Como será minha vida após essas páginas? As pessoas me
invadem nos livros que leio, me invadem nos espaços que estou – as pessoas me
invadem o tempo todo. Palavras doces, relatos entristecidos, relatos
conformados. Descrições do mundo além do meu corpo e de toda minha capacidade
de avançar o terreiro alheio.
Eu tento, me estico, me emociono, vem aos olhos às lágrimas.

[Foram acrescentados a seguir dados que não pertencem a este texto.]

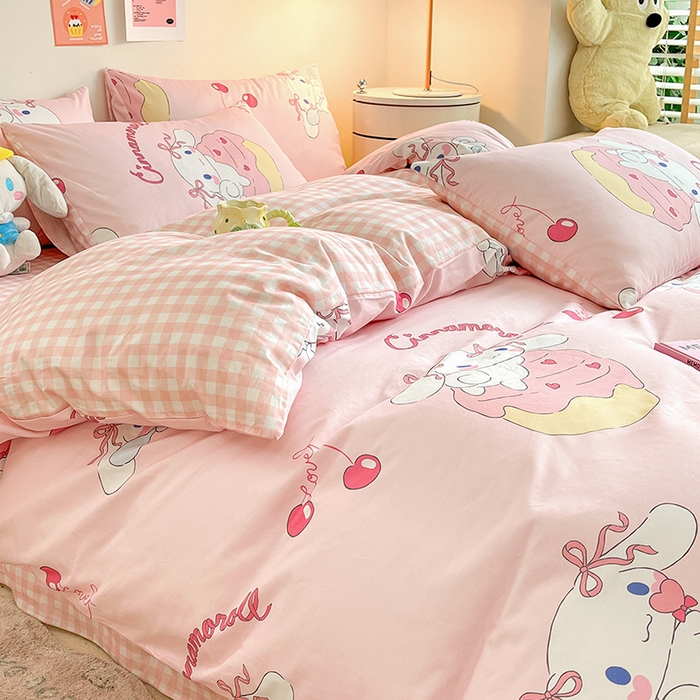 91家纺网 家纺一手货源 找家纺 桃子家居 2024新款三丽鸥正版授权全棉卡通系列四件套 棉三丽鸥-奶油甜心玉桂狗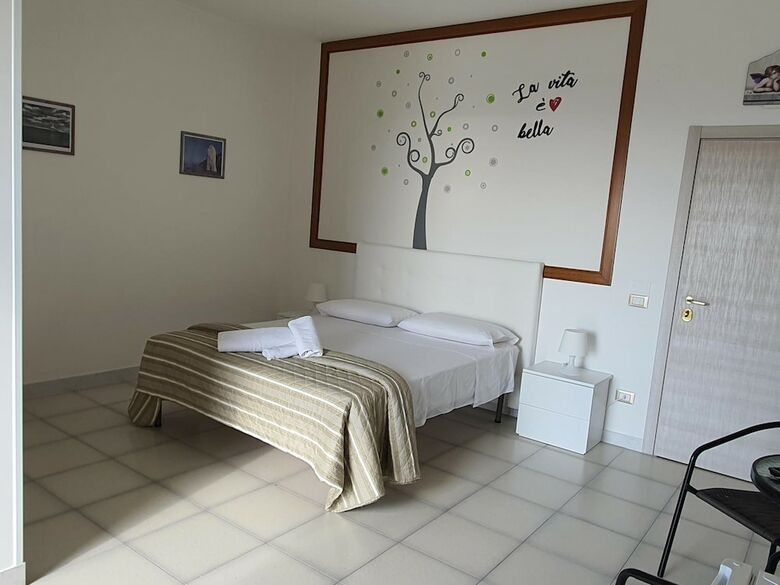 B&B Pizzomunno E Cristalda Rooms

E digo sim, as limitações me definem e me definham – meu território é sempre
invadido e eu permito. Permito o aperto de mão da velhinha com chapéu tentando
proteger-se do sol que quase nunca dá trégua, permito que me acaricie, que me
conte sua vida e seu cansaço.
Eu sinto, eu sofro, eu gosto. Nesses momentos transpasso a
vida, os meus pequenos problemas e me sinto melhor. Pergunto, questiono e
enfatizo:
- É mesmo?
- Sim, minha filha, a minha vida se deu assim. Desse jeito,
lotada de batalhas e guerras, passamos por elas, sobrevivemos. E, ao final
contamos. É o que nos resta, contar.
Eu me espanto, sempre me espanto. A vida sempre tem dégradés
– milhões de sobretons e quando surge um novo, uma nova cor. Sinto o horror das
imprevisibilidades e felicidade da infinitude de existir.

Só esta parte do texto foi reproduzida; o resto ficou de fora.